How Low Tire Pressure Affects Your Vehicle How Low Tire Pressure Affects Your Vehicle
Everything from leaks to outside air temperature can lower the pressure in your tires over time. In fact, for every 10-degree drop in temperature, the air in your tires decreases by one PSI (pound per square inch). So, it is important that every car owner frequently check their tires—about once a month—because low tire pressure has some interesting effects on your vehicle that can be both dangerous and costly.
1. Gas Mileage
A national study found that most people keep their tires at about 80% of the recommended pressure. Taking this fact into account, and the average miles driven per year—about 12,000—the average person spends over $500 more a year on gasoline than they would if they kept their tires inflated properly. A tire pressure of only six PSI under the recommended amount could reduce your total fuel economy by up to five percent.

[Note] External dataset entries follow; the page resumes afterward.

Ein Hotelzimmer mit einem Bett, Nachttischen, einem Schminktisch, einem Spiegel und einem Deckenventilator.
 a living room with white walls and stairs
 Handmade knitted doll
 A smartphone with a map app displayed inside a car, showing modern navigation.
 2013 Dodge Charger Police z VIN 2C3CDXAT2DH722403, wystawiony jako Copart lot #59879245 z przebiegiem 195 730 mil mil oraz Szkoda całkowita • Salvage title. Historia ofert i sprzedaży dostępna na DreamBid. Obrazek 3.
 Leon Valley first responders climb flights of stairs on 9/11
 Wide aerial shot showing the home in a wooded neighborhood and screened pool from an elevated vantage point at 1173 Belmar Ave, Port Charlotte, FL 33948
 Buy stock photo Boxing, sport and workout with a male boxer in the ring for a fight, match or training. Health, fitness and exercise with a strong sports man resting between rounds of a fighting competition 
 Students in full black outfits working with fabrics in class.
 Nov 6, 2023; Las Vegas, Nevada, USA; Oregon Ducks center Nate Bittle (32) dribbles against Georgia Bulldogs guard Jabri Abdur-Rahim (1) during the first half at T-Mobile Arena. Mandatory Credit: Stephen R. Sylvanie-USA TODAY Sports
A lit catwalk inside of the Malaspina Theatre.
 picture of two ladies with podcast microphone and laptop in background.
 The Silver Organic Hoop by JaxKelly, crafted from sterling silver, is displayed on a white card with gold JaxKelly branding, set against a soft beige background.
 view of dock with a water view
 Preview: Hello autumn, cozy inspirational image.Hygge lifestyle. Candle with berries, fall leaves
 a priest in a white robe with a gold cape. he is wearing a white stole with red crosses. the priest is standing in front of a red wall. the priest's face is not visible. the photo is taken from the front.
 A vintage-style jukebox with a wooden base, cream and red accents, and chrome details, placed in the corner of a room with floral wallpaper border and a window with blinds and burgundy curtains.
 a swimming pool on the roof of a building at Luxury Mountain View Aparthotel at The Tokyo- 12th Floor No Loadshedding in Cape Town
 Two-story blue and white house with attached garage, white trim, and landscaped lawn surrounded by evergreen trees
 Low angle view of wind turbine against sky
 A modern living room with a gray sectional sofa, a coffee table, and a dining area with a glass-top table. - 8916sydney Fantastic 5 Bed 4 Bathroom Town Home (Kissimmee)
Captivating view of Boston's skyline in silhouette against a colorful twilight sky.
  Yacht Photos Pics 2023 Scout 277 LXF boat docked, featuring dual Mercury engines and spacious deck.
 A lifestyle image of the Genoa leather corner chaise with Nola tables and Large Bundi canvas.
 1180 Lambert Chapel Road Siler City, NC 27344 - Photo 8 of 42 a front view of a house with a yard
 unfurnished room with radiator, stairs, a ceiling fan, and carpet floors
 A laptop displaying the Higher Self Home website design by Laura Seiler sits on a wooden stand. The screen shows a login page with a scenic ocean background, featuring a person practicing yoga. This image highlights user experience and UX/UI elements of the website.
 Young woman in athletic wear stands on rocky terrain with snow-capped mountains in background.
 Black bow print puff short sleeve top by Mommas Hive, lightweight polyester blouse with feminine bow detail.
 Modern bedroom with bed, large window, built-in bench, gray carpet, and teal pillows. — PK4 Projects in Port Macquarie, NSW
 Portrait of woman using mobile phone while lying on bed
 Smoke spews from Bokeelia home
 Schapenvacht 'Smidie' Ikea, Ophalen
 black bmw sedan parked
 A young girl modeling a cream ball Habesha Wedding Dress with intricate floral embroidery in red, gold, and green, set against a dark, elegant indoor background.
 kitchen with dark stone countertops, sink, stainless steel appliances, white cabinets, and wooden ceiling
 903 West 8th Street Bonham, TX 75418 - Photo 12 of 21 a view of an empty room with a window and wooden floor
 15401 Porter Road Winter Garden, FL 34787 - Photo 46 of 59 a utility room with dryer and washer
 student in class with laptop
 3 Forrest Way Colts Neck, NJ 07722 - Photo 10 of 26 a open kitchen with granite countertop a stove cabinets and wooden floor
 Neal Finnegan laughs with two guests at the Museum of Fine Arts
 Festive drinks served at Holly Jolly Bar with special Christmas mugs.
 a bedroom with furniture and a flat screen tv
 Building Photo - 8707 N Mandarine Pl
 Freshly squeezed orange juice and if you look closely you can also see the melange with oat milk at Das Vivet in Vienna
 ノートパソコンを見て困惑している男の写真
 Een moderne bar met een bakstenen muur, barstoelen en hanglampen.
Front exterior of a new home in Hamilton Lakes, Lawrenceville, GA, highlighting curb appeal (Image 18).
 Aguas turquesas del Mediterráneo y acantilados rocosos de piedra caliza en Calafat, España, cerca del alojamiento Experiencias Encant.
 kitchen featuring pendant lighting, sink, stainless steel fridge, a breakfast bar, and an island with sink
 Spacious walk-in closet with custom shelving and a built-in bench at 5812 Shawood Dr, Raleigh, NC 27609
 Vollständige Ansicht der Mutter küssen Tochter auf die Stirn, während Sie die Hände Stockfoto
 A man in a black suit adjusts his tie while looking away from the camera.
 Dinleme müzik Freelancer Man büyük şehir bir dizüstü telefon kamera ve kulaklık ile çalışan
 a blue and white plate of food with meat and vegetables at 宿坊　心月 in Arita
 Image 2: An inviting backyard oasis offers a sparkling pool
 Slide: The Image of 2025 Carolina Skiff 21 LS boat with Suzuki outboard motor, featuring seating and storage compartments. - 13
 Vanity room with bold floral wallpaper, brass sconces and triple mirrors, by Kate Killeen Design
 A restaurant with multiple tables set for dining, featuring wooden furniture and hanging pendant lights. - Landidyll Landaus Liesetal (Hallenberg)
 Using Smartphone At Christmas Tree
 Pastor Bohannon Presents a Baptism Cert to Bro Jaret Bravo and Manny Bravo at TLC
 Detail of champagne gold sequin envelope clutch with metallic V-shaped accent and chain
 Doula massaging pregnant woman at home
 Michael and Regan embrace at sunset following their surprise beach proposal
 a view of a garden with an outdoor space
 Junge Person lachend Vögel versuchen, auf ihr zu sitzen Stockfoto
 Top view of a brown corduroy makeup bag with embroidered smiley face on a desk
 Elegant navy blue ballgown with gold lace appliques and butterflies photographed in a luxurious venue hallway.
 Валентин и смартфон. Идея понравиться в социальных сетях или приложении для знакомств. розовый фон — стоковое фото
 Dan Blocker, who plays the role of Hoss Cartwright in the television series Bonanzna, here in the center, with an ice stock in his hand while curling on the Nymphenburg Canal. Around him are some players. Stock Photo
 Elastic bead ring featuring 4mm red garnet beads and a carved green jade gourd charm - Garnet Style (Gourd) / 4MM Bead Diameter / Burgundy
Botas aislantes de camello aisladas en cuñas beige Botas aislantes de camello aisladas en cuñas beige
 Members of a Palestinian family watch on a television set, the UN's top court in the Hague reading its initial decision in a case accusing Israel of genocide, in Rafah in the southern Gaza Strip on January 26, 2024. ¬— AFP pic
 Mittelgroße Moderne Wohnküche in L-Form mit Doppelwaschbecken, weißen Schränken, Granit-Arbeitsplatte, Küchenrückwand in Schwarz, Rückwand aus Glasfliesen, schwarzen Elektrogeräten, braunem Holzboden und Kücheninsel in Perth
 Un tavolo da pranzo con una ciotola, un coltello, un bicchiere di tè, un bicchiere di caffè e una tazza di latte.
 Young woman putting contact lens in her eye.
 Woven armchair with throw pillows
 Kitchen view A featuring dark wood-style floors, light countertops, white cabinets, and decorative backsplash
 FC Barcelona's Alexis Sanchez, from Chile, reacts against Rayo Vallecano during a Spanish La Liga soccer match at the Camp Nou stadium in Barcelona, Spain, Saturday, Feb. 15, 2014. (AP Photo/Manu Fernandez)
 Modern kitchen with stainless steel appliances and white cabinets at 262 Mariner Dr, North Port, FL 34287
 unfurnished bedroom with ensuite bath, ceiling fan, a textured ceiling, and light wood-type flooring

Properly inflated tires not only increase your gas mileage overall, but they provide for better vehicle performance and handling.
2. Stopping Time
Tires that are underinflated take longer to stop, especially on wet pavement. Many experts believe that the major cause of SUV rollovers is underinflated tires. Low tires will skid more readily on both ice and wet pavements, but they also will skid further on dry pavements.
With lowered fuel economy obviously comes more emissions, as you’ll end up having to fill up more often with your gas mileage decreased. Also, since underinflated tires take more energy to get the car in full motion, more exhaust fumes are created in the process.
4. Tread Life
Low tires can reduce your tire tread life by up to 25 percent. Having to replace the tires on your car more often creates additional expense in your family budget and results in more rubber tires to dispose in landfills.
5. Tire Failure
In the worst case scenario, low tire pressure can lead to complete failure of your tires. Too much contact with the surface of the road increases friction, and this heat can cause tread separation, blown tires, and likely, a bad accident as a result.
An underinflated tire is fortunately a problem that can often be quickly remedied with just a tire pump. When refilling your tires, consult the recommended PSI for their specific size on the outside of your tires. Stay as close to this limit as possible without going too high. Overinflated tires are just as problematic as underinflated ones.